## Task data

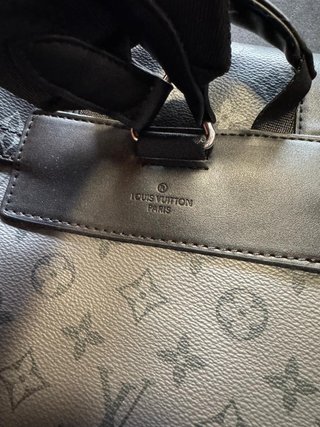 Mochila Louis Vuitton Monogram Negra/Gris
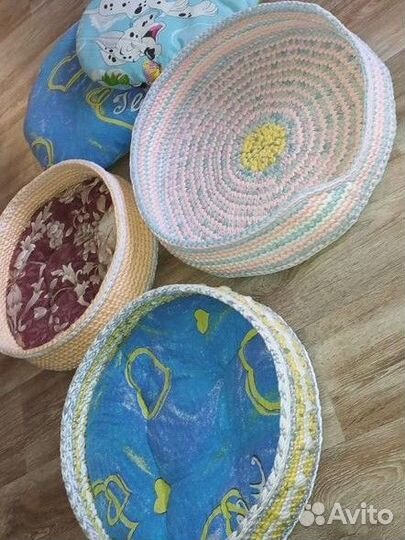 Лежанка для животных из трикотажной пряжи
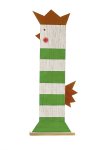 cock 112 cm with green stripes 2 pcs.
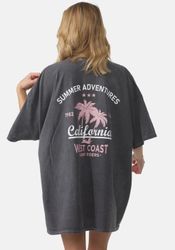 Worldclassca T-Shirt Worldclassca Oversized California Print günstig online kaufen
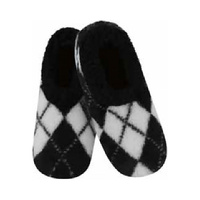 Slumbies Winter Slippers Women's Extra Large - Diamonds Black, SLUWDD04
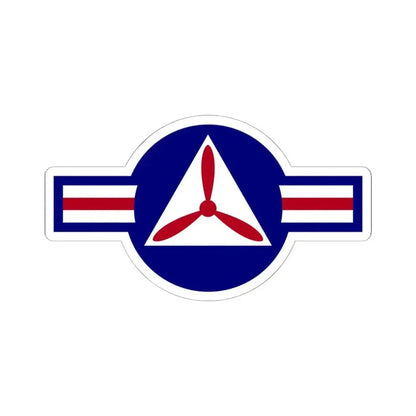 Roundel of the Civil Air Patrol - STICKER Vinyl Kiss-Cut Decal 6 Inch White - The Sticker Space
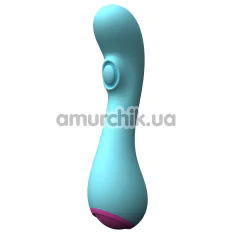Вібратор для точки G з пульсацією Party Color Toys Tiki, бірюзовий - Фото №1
* * *
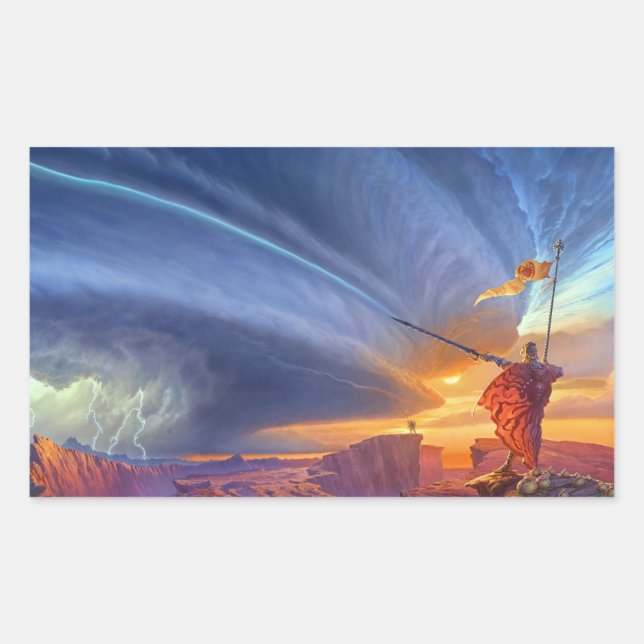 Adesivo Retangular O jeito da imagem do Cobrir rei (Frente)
...
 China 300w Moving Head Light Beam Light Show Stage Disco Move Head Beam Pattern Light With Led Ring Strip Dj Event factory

## Assignment
Above, find the line with "Slumbies Winter Slippers"; copy it and every line down to the line with "Вібратор для точки", exactly and both included, but no pictures.

## Task output
 Slumbies Winter Slippers Women's Extra Large - Diamonds Black, SLUWDD04
 Roundel of the Civil Air Patrol - STICKER Vinyl Kiss-Cut Decal 6 Inch White - The Sticker Space
Вібратор для точки G з пульсацією Party Color Toys Tiki, бірюзовий - Фото №1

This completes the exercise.